It may a stretch, but the fact is that Teagan was the only noble in Denerim to publicly speak out against Loghain. He also likely didn't know he would be holed up in Redcliffe immediately after Denerim.
You will find very few (if any) Loghain supporters defending his political aptitude, but that's not the argument being presented. The argument is that Loghain ignored the darkspawn in favor of fighting a civil war when in fact the opposite is true. Loghain was forced into a civil war when what he needed were troops to fight the darkspawn. And in Loghain's defense, who else was there? Loghain is the only Teryn left and has more experience commanding an army than the rest of the nobles combined. He went about it incredibly poorly, but his title is earned and his experience is not meaningless. The nobility just seem to have very short memories, having somehow forgotten that Orlesians held their lands a mere 30 years ago.

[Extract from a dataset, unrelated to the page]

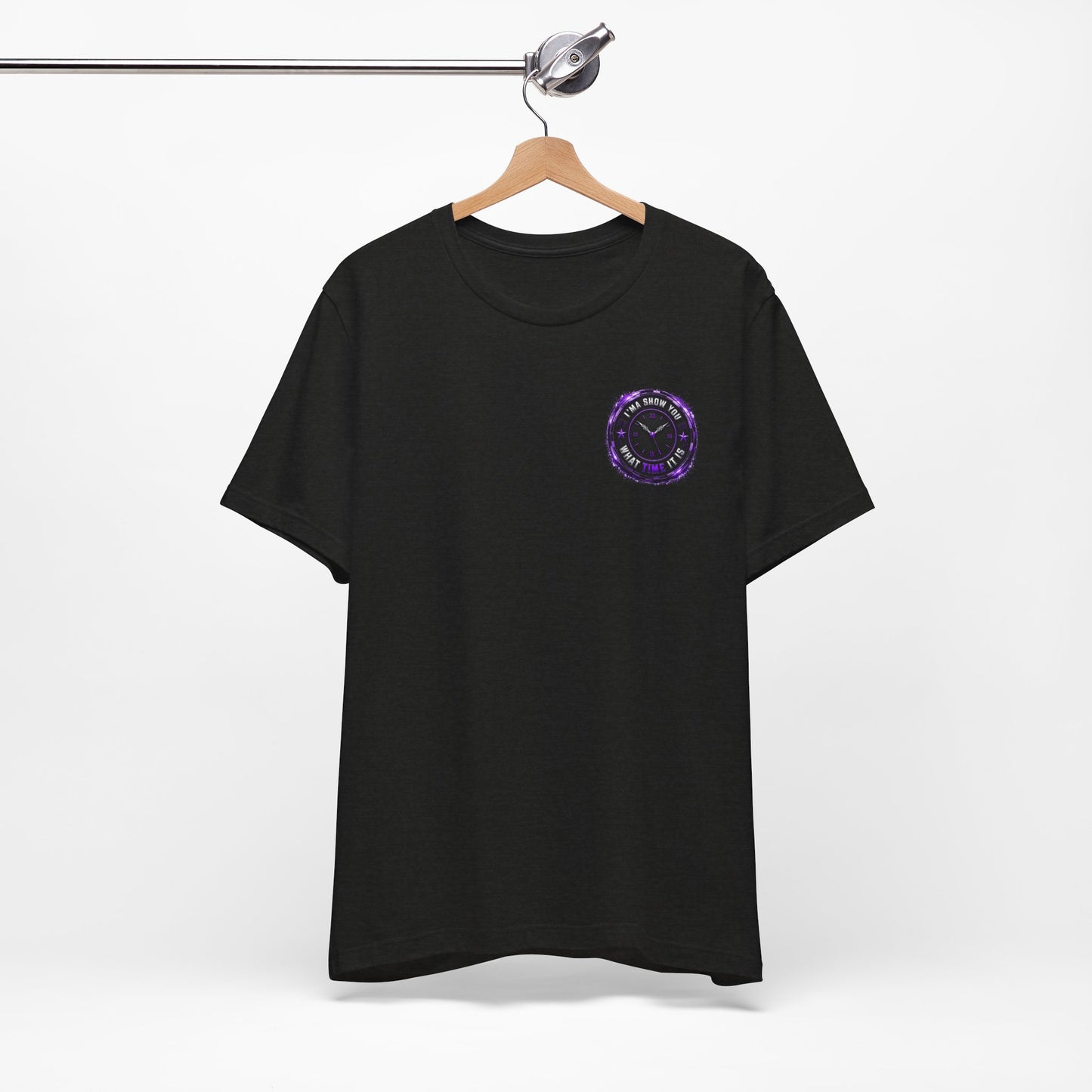 Pocket Cosmic Clock Tee — "Time to Glow" Graphic T‑Shirt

I think your comparison of Loghain's knowledge of the Wardens and the Blight versus the nobility following Loghain is good, but still off. Loghain's reasons for mistrusting the Wardens and the Orlesians are well-established, at least for the player. Even Eamon says something like, "I know Loghain. He never wanted power." The nobility's distrust of Loghain is rooted in nothing more than him being born a commoner, and is more dislike that distrust.
The bannorn were not required to follow his orders, but by choosing not to where does that leave them? Exactly where they ended up, losing the civil war and losing their only commander, however it happens. This is the same bannorn that fought each other over what were essentially property-line disputes, so thinking that they went to war with Loghain because reasons is really not out of the realm of possibility, and there is in fact some evidence for it. There's a power vacuum, so nobles will fight.
Teagan may not have intended his comments to spark a rebellion, but if that is true then he can be accused of the same political ineptitude as Loghain. Publicly speaking against a higher-ranking noble, the father of your queen, and the leader of your armies is going to lead to the kind of reaction Teagan's comments ended up getting. Purposefully or not, he built support for a rebellion merely by stating it.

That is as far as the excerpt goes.